Many fish, especially oily, darker-fleshed fish like salmon and herring, are rich in heart-healthy, polyunsaturated, omega-3 fatty acids, but healthful fats are not the only reason to eat fish. Dietary guidelines in the United States encourage adults to eat eight ounces of a variety of fish and seafood each week – roughly two meals’ worth – because of the “total package of nutrients in fish,” which includes lean protein, vitamins A and D as well as B vitamins, and a host of minerals such as iron, iodine, selenium and zinc.
Women who are pregnant or breast-feeding are urged to eat as much as 12 ounces of seafood to improve infant outcomes, but should steer clear of fish that’s high in methyl mercury. (The Food and Drug Administration recommends avoiding king mackerel, tilefish, shark and swordfish and limiting tuna; the nonprofit Environmental Working Group advises against a broader list of fish in its Consumer Guide to Seafood.)
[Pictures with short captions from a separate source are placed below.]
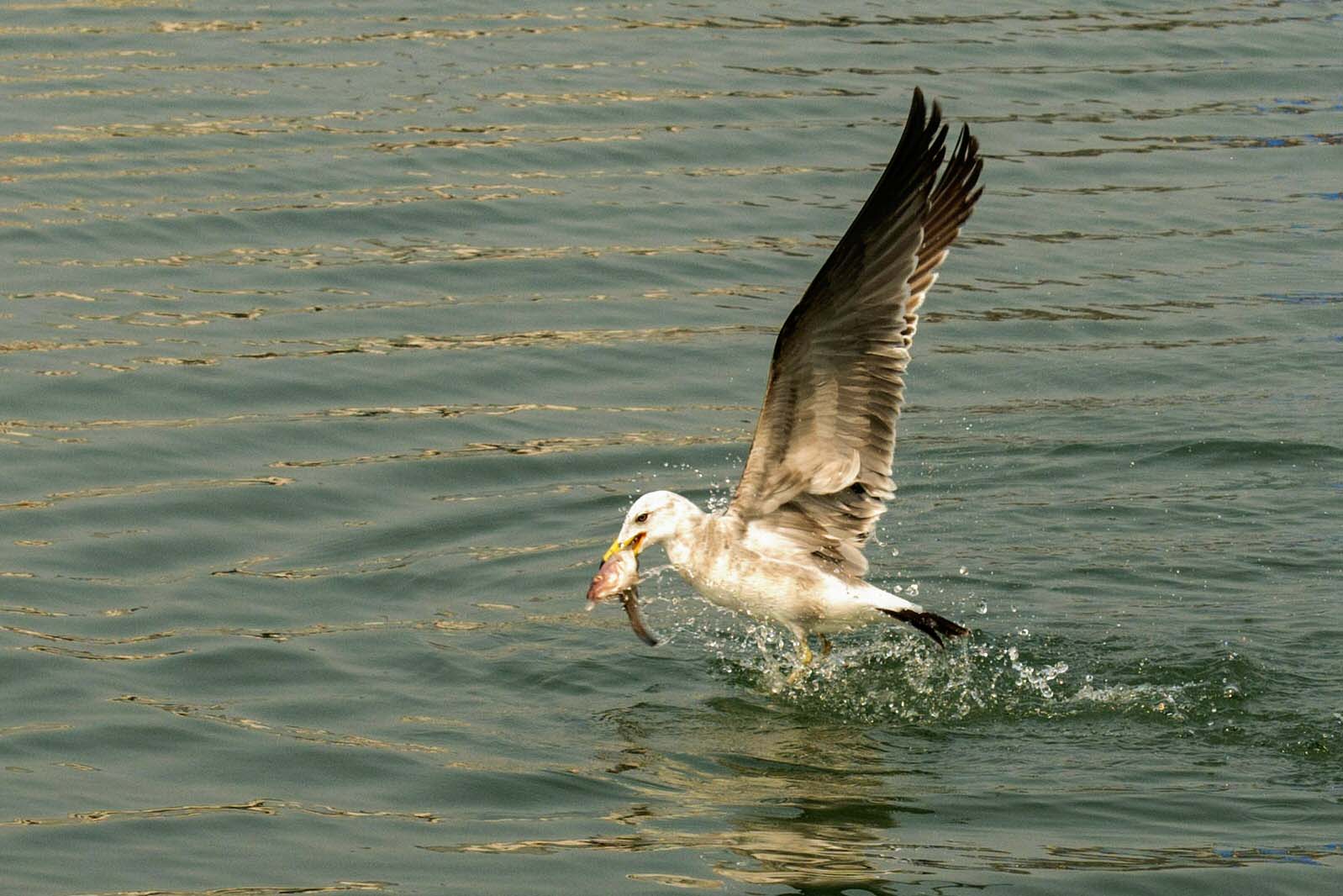 DSC_9991.jpg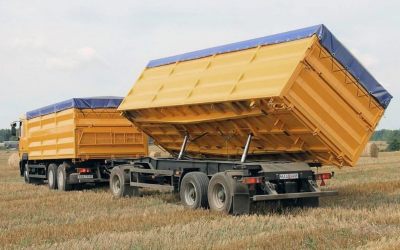 Услуги зерновозов для перевозки зерна - Назрань, цены, предложения специалистов
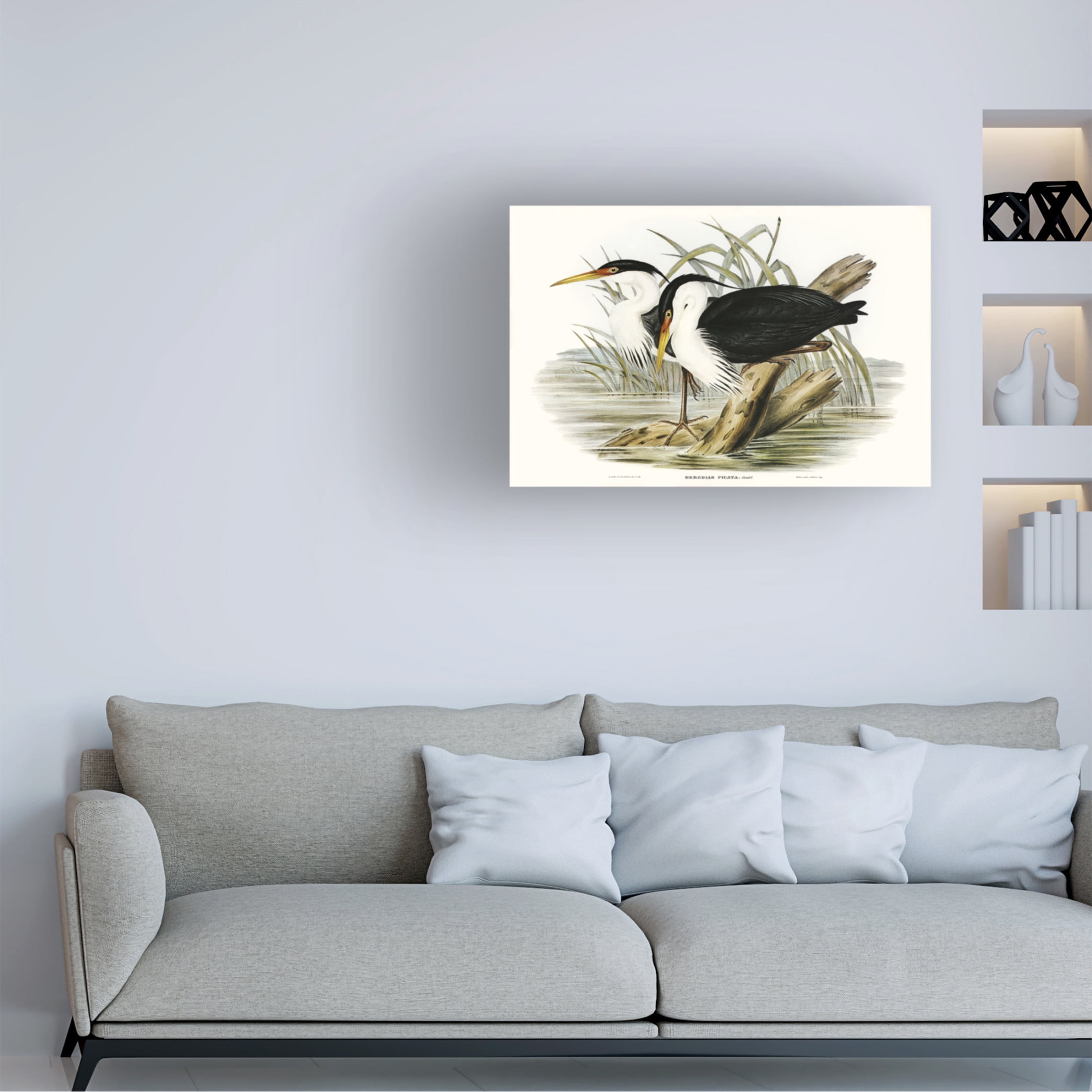 Trademark Fine Art Elizabeth Gould Waterbird Pairing II Canvas Wall Art
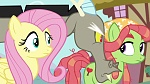 Season 6 picture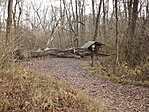 Ócsai láperdő-3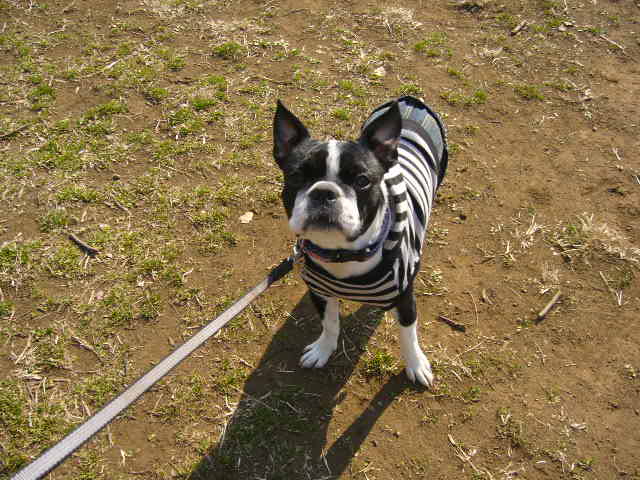 d0070702_20555049.jpg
“Fish is very low in saturated fat and low in cholesterol,” said Jennifer McDaniel, a spokeswoman for the Academy of Nutrition and Dietetics, and people who follow a Mediterranean style diet that incorporates seafood appear to be at lower risk for obesity, “but a lot of people don’t think about that and just focus on omega-3s.”
Fish can be a much leaner and lower-calorie source of protein than meat, she noted. A cooked four-ounce portion of cod, for example, contains 26 grams of protein but only one gram of fat and 120 calories, compared with a grilled four-ounce portion of lean T-bone steak, which has 28 grams of protein, 18 grams of fat and 278 calories.